Mining suppliers short-term forecast mainly overcast: report

Mining services providers’ earnings will continue to fall this year as major miners’ focus on returns, resulting in job cuts, scaling back expansions and shelving of major projects, an investment firm specialized in commodities futures and stocks told Bloomberg.

According to Scott Hobart from HFZ Capital Management Ltd., the use of provisional housing operated by third-party services supplier is “crumbling” as big miners cut dependence on outside contractors.

Equipment makers have already started to suffer from the global mining spending slash, as recent earnings data from main heavy machinery companies such as Caterpillar (NYSE:CAT) Atlas Copco (STO:ATCO-B,A) and Sandvick (STO:SAND) show.

In April Caterpillar — the world’s biggest maker of mining equipment— cut its 2013 profit forecast and laid off about 700 workers as a result of the weakness in the mining sector.

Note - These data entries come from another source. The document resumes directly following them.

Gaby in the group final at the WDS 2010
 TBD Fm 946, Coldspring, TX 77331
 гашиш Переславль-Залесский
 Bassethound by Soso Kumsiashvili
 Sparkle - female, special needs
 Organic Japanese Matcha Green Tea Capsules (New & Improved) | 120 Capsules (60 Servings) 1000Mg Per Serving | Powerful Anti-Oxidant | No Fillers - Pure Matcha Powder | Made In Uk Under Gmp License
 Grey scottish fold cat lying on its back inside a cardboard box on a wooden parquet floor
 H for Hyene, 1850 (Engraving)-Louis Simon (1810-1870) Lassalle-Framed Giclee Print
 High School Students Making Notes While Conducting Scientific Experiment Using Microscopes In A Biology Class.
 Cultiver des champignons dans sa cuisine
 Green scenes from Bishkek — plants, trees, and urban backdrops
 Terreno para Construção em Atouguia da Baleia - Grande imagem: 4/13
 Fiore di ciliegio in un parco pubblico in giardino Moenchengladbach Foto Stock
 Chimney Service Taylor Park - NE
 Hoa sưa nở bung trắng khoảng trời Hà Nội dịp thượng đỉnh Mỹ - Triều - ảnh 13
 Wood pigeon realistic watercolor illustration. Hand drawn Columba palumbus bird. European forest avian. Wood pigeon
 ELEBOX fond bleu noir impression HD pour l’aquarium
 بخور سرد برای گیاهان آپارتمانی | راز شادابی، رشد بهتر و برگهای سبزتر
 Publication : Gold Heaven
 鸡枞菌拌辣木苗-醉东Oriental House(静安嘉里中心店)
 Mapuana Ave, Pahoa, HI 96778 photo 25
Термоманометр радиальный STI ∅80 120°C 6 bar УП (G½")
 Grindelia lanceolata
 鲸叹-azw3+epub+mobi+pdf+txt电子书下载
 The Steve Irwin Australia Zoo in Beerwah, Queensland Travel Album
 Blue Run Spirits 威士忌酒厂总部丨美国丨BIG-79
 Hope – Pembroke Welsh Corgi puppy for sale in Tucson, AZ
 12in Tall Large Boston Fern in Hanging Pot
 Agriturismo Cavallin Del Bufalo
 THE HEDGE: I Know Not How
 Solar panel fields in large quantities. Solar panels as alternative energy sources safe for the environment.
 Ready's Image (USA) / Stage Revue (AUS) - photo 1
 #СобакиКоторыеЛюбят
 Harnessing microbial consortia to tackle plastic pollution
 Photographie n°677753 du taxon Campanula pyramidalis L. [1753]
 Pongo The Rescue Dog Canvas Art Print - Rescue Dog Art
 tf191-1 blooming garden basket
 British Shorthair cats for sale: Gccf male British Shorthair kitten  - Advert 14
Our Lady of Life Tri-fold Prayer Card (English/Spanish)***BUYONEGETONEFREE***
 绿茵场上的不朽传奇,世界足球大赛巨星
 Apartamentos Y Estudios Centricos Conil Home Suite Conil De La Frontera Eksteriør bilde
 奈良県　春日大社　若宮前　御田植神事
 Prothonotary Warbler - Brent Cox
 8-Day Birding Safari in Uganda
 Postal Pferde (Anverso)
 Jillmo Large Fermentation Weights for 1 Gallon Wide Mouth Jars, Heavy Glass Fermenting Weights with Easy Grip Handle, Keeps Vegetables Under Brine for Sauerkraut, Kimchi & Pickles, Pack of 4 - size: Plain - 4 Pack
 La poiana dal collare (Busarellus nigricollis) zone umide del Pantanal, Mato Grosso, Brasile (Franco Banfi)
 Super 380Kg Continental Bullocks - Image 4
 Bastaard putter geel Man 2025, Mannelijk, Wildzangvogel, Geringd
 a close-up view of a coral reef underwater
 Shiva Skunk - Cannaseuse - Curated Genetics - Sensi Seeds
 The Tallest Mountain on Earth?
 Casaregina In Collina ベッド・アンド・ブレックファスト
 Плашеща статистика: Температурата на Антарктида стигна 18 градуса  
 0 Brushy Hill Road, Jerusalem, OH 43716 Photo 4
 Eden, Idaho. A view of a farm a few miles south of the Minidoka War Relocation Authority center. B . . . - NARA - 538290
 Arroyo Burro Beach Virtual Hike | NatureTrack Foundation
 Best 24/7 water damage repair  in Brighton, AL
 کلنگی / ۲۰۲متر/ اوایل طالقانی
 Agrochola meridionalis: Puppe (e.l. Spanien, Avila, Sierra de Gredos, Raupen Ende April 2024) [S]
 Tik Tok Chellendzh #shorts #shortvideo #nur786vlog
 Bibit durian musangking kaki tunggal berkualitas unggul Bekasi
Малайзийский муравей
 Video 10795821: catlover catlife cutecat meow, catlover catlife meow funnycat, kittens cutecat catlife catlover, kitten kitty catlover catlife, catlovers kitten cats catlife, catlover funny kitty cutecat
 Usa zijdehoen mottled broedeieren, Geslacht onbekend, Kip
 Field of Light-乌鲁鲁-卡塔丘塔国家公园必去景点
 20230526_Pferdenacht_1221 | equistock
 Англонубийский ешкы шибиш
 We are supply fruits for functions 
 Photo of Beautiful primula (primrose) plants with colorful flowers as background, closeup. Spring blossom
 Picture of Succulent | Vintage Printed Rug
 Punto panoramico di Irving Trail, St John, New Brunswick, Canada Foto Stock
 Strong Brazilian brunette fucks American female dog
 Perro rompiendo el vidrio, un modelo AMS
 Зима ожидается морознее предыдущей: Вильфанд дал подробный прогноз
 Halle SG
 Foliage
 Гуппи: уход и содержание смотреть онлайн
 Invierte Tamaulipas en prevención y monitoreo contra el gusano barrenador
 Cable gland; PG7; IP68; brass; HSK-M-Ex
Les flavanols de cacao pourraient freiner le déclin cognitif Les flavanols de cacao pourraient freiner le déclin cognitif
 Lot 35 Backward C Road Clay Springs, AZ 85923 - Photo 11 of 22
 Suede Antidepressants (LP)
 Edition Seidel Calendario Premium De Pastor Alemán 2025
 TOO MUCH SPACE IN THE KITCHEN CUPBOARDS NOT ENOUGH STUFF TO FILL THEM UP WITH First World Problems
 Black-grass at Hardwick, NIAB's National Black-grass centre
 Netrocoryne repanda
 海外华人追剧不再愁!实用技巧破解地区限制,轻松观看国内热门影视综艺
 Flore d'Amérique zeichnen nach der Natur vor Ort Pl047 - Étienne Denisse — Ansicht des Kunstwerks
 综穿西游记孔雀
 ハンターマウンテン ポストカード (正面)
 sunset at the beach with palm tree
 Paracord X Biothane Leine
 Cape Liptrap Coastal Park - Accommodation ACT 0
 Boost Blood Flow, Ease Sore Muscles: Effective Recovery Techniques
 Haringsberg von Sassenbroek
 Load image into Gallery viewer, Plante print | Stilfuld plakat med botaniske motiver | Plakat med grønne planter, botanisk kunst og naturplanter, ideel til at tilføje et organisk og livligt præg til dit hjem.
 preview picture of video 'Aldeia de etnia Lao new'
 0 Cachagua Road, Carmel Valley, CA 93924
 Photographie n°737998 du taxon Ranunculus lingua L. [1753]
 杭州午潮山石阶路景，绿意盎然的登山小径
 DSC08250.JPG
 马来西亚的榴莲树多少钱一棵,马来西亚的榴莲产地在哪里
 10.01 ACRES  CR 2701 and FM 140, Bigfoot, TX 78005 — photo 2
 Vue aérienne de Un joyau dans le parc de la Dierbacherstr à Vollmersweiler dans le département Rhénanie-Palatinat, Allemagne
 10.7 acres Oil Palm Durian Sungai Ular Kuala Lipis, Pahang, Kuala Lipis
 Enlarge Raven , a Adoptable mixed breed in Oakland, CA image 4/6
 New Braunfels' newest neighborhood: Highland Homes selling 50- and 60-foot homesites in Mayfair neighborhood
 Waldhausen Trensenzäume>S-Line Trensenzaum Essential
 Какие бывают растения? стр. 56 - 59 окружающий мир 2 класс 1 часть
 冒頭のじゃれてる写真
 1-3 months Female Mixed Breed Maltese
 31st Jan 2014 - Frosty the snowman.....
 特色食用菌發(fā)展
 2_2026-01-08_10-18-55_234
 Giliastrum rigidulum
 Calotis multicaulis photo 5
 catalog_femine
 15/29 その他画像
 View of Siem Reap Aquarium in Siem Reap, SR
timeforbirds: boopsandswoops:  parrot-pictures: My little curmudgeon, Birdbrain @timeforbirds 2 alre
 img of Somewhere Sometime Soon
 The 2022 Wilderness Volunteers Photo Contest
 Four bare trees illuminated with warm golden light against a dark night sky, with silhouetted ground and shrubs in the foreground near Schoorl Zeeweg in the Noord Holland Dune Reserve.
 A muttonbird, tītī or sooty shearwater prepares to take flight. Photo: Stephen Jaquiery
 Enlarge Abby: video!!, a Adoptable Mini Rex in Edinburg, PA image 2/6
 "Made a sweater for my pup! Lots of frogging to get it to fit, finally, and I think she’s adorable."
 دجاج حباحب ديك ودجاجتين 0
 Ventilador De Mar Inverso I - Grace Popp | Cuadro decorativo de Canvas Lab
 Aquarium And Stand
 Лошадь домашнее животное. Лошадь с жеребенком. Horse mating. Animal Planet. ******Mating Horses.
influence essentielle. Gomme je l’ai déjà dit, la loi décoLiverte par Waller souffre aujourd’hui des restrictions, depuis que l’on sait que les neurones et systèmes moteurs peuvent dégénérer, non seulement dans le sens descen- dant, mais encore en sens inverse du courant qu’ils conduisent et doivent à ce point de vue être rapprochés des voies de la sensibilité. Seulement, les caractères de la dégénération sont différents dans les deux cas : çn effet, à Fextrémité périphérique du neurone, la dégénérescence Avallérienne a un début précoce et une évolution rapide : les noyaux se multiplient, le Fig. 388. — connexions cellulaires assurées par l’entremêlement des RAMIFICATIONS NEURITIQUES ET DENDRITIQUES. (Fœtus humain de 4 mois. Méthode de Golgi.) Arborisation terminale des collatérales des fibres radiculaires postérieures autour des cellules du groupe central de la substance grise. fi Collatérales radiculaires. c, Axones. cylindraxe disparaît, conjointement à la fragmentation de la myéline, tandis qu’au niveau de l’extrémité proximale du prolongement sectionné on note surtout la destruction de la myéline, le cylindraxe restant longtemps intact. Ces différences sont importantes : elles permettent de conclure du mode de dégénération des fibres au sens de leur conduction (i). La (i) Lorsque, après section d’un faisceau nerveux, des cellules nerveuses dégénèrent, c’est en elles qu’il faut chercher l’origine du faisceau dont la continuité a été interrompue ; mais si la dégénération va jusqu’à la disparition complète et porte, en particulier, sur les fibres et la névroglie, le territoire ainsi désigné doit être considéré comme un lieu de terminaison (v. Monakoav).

A few days later Swedish Atlas Copco, the world’s top maker of air compressors, logged first-quarter net income below analyst estimates mostly due to European sales being sluggish.

Miners around the world are under intense pressure to cut costs as they contend with volatile commodity prices, rising wages, labour unrest and lower-grade ores.

This has caused the sector to be quite pessimistic about the status of the industry in the coming months, a recent study by Canadian executive search firm The Mining Recruitment Group Ltd. So much so that a bare 9% of mining executives polled by the company said they are actually bullish on the year ahead.